Azure EventHubs + Apache Spark Connector
This is the source code for the Azure Event Hubs and Apache Spark Connector.
Azure Event Hubs is a highly scalable publish-subscribe service that can ingest millions of events per second and stream them into multiple applications. Spark Streaming and Structured Streaming are scalable and fault-tolerant stream processing engines that allow users to process huge amounts of data using complex algorithms expressed with high-level functions like
window. This data can then be pushed to filesystems, databases, or even back to Event Hubs.
By making Event Hubs and Spark easier to use together, we hope this connector makes building scalable, fault-tolerant applications easier for our users.
|Spark Version||Package Name||Package Version|
|Databricks Runtime Version||Package Name||Package Version|
|Databricks Runtime 3.4||azure-eventhubs-databricks_2.11|
|Databricks Runtime 3.3||azure-eventhubs-databricks_2.11|
Planned changes can be found on our wiki.
The best place to start when using this library is to make sure you're acquainted with Azure Event Hubs and Apache Spark.

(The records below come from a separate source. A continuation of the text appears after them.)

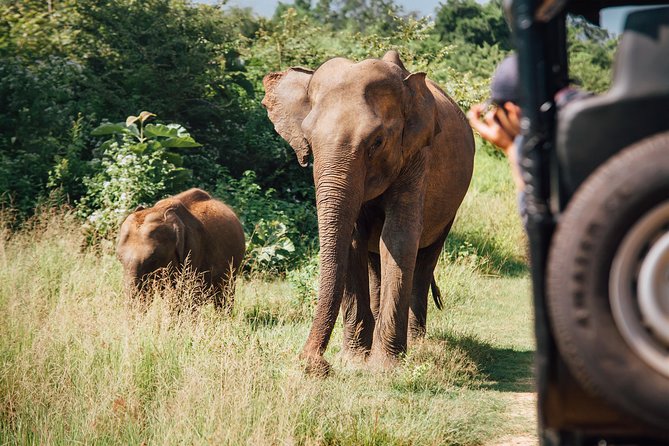 Leopard Safari Tour in Yala National Park - What You Can Expect to See: Big 3 and Beyond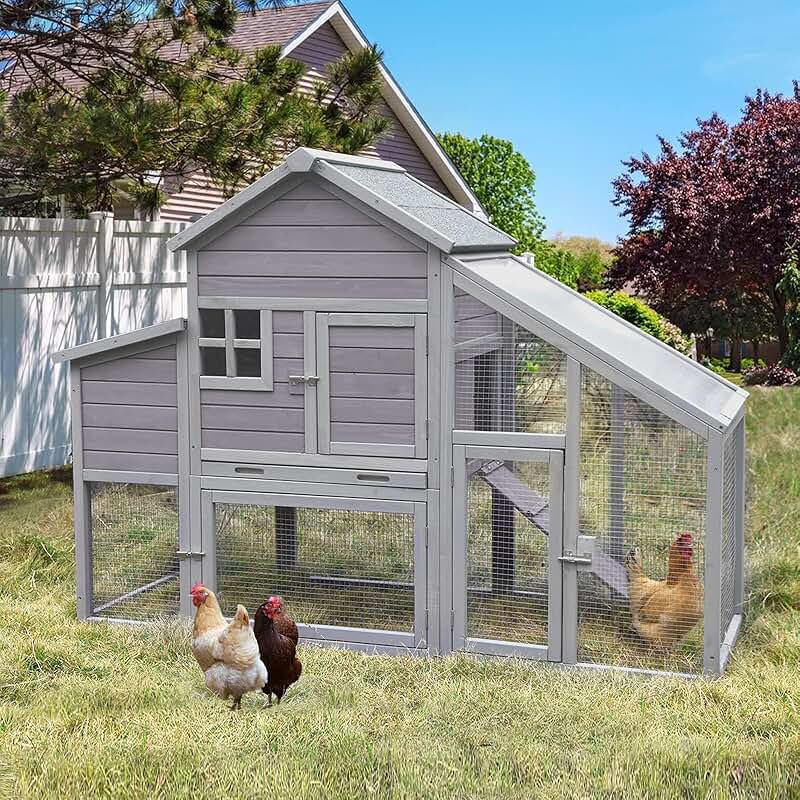 chicken coop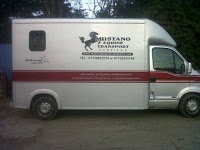 Mustang Equine Transport 247691 Image 4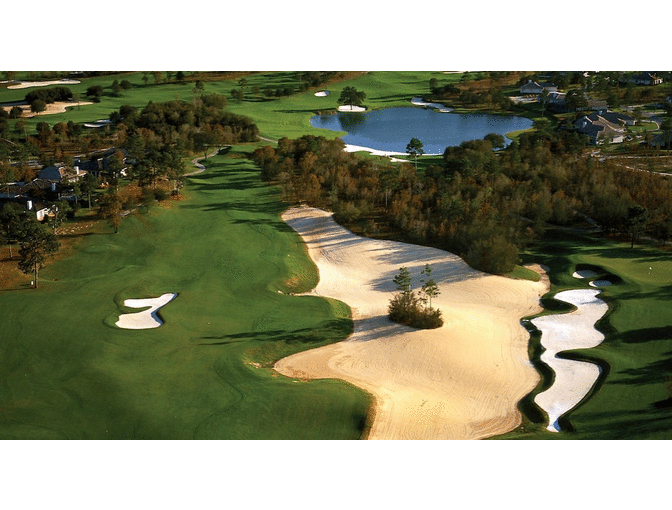 Enjoy a Foursome GOLF ROUND Black Diamond Golf  Lecanto, Fl Tom Fazio Course + $200 FOOD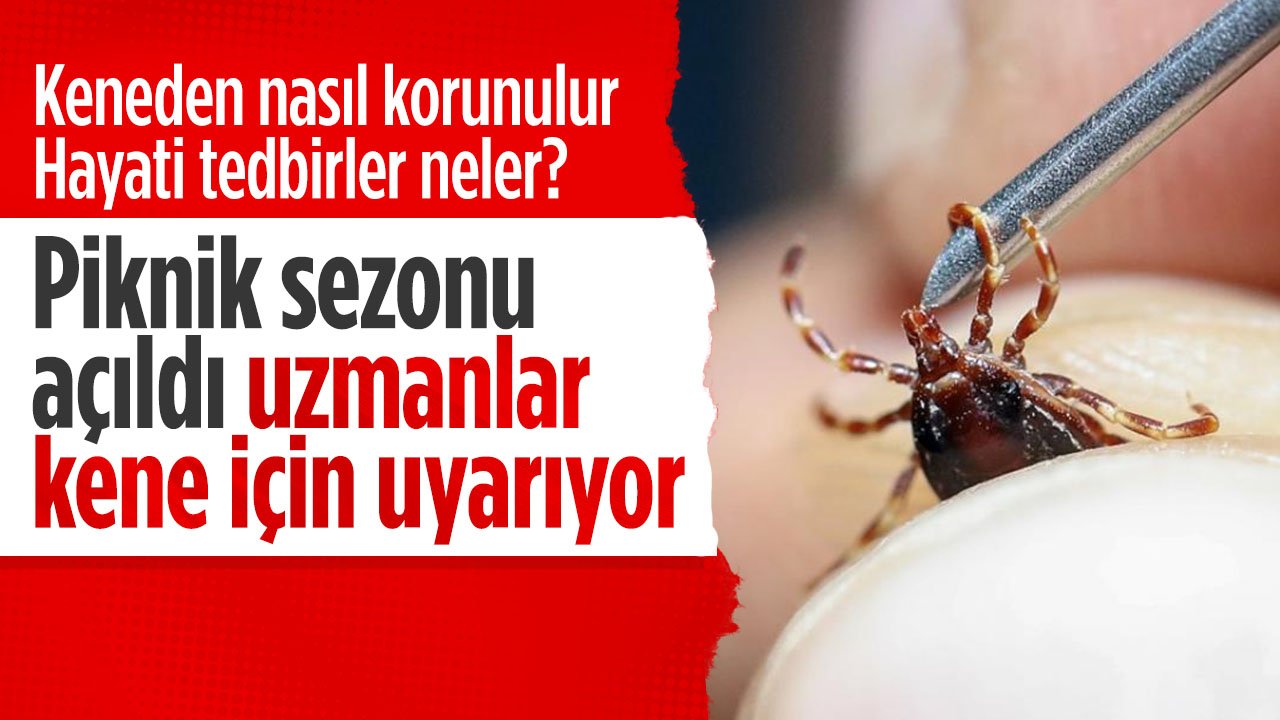 Konya'da bahar geldi uzmanlar uyarılara başladı... Hayati kene uyarıları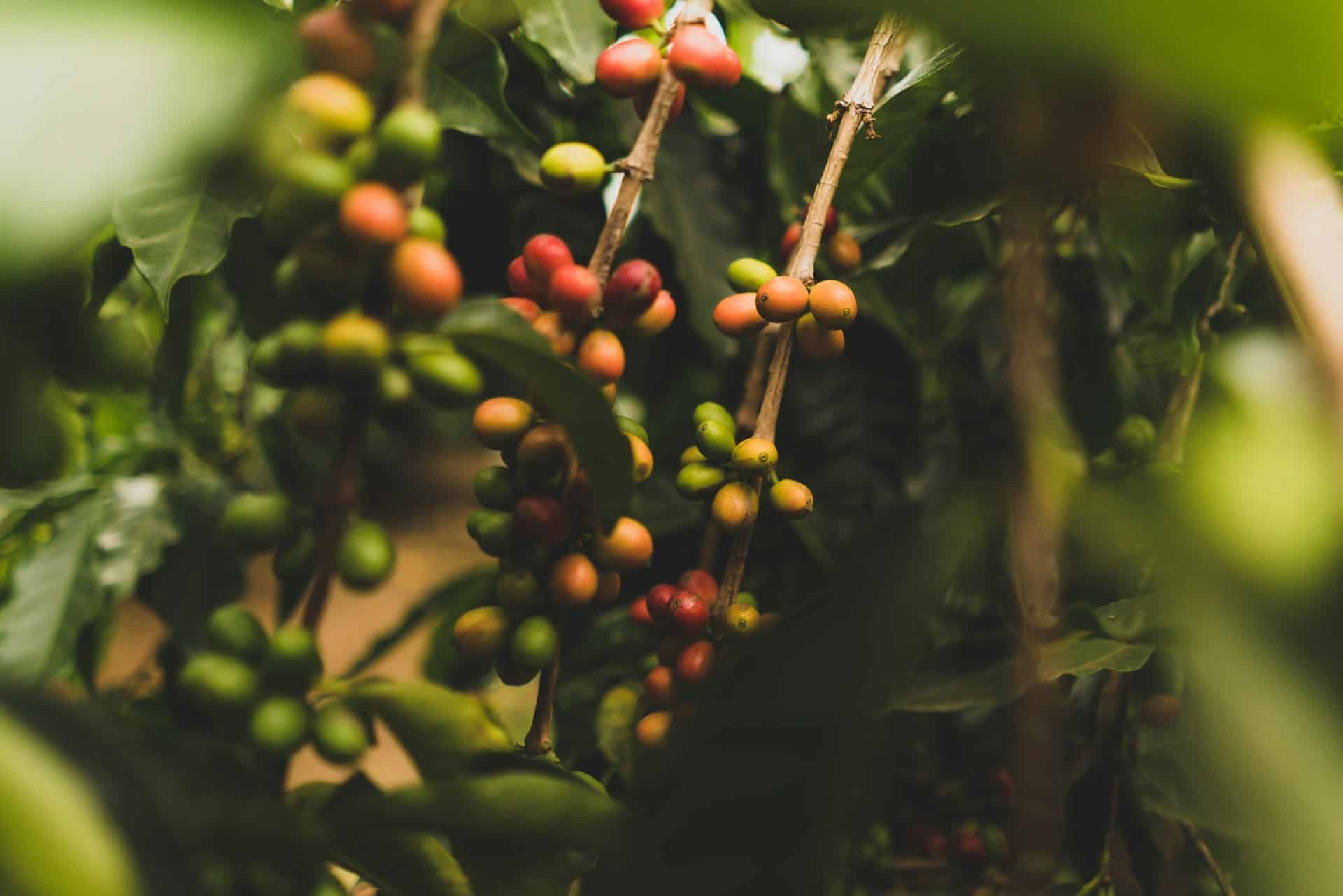 Grüner Kaffeebohnen-Extrakt Vorteile für Darm & Diät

You can read Azure Event Hubs documentation here, documentation for Spark Streaming here, and, last but not least, Structured Streaming here.
Using the Connector
If you need additional assistance, please don't hesitate to ask! Just open an issue, and one of the repo owners will get back to you ASAP. :) Feedback, feature requests, bug reports, etc are all welcomed!
Using the library
In general, you should not need to build this library yourself. If you'd like to help contribute (we'd love to have your help :) ), then building the source and running tests is certainly necessary. You can go to our Contributor's Guide for that information and more.
This library is available for use in Maven projects from the Maven Central Repository, and can be referenced using the following dependency declaration. Be sure to see the Latest Releases to find the package name and package version that works with your version of Apache Spark!
<dependency> <groupId>com.microsoft.azure</groupId> <artifactId>azure-eventhubs-spark_[2.XX]</artifactId> <version>[LATEST]</version> </dependency> <!--- The correct artifactId and version can be found in the Latest Releases section above -->
// https://mvnrepository.com/artifact/com.microsoft.azure/azure-eventhubs-spark_2.11 libraryDependencies += "com.microsoft.azure" % "azure-eventhubs-spark_[2.XX]" % "[LATEST]"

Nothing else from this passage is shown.